Tzaneen and surrounds must be aware that there is a strong possibility of load shedding this week. South Africans will be faced with rolling black-outs this week after a 40-metre high coal silo collapsed at Eskom’s Majuba power station in Mpumalanga at midday on Saturday. This comes after countrywide rolling black-outs were implemented from 08h00 …

Tzaneen and surrounds must be aware that there is a strong possibility of load shedding this week.

South Africans will be faced with rolling black-outs this week after a 40-metre high coal silo collapsed at Eskom’s Majuba power station in Mpumalanga at midday on Saturday.

This comes after countrywide rolling black-outs were implemented from 08h00 to 20h:00 on Sunday.

Eskom is working around the clock to adapt operations at Majuba and believes it may be able to limit the load shedding to Monday night, Wednesday night and the whole of Thursday, provided nothing else goes wrong.

Slipping through the cracks:

Newly appointed Eskom chief executive Tshediso Matona  had a baptism of fire on Sunday when he had to explain the collapse at a media briefing. After being criticised for releasing a statement shortly before 23:00 on Saturday about a crack in the silo, without any mention that it had actually collapsed about ten hours earlier, Matona said there was “no foul play” and committed the organisation to transparency.

Matona said workers doing maintenance work on the conveyor belt saw coal leaking from about 30m up the 40m silo at 12:30 on Saturday. A crack was then detected and al staff were evacuated. At 13:12 the silo, storing 10 000 tons of coal, collapsed. Nobody was injured.

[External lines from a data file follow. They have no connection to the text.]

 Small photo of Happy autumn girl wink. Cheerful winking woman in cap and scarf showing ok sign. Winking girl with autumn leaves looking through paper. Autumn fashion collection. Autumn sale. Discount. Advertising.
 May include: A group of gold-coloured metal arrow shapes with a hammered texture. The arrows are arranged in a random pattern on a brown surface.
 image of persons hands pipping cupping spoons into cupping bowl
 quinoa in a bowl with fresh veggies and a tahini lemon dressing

Eskom executives said it is only the second time ever that a silo of this kind has collapsed anywhere in the world. The silo is only 13 years old and is supposed to have a design life of 50 years. The last civil digital inspection was done in September last year and it was found to be in good condition.

Eskom, together with the Department of Labour, will investigate the cause and hopes to finalise the investigation in the next three months.

Early indications are that there was not enough rebar to strengthen the concrete structure and the extent of corrosion discovered after the collapse is of great concern. Samples will be taken as part of the investigation.

The other two silos are being fed from the collapsed one and they will also be properly inspected before taking on any further load.

When questioned, Eskom officials admitted that the coal stockyard at Majuba has been decommissioned earlier this year as “it has been ineffective for the last ten years”.

Eskom nevertheless said there was no relation to the silo collapse, which it considers an isolated incident. There is no indication of sabotage.

The whole failure was captured on camera, which will be of great value to the investigation.